Tangerine by Edward Bloor (YA)

Tangerine

Tangerine

Edward Bloor (Young Adult Fiction)

The Fisher family—Dad, Mom, and sons Erik and Paul—are moving from Texas to Florida.  Their new home is in the prestigious Lake Windsor Downs subdivision located in Tangerine County.  Despite their new location, the family continues to move forward with the Erik Fisher Football Dream…dad’s favorite topic.  However, no such dream exists for Paul whose IEP lists him as legally blind.  But you don’t have to be blind to see all the strange things happening in Tangerine: the never-ending muck fires, disappearing koi, a giant school-swallowing sink hole, and lightning that strikes at the same time every day.  Things are definitely different in Tangerine and they’re about to get even more strange as Paul begins to piece together memories about a dark, family secret as fuzzy as his own eyesight.

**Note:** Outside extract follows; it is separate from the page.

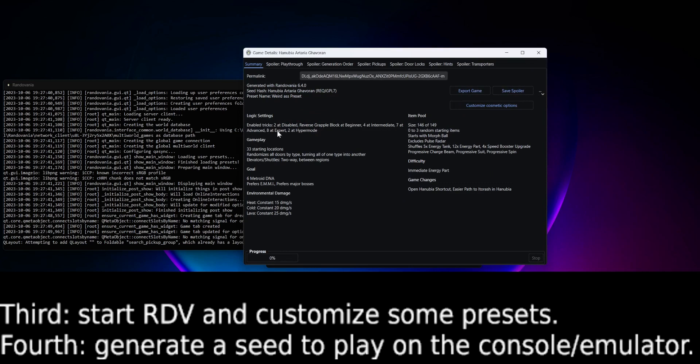You have basic 33 location, doors shuffle, 6 DNAs, the damage from heat, cold, and lava. So we're ready to export.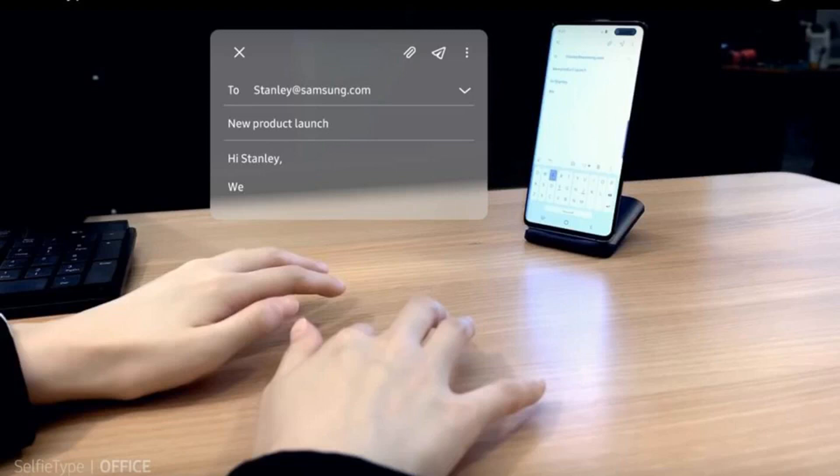Obviously, you can't add haptic feedback or a holographic keyboard display to a table or airplane tray without external tools, which SelfieType's developers want to avoid.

I’m having a difficult time writing this review as the adult in me desperately wants to rip the title of “parent” from both Mr. and Mrs. Fisher.  In 1670, John Ray cited as a proverb, “Hell is paved with good intentions” and the Fisher parents embody this beautifully.  They have failed both of their sons dismally, and I can only hope that the audience this book was written for (young adults) realize this and understand the difference between parenting and passivity.  With that said, I shall cast aside my adultness and say that Tangerine does provide teens with some spot-on insights into the messy, harsh, and unforgiving world of middle and high school.  Edward Bloor gives us a story about the Haves and the Have Nots, where opportunity seems to favor those with money over those with moxie.  He shows us how a bunch of ragtag soccer players can be more of a family than your own kin.  And, he warns us of the danger of placing glory above goodness and confusing apathy with care.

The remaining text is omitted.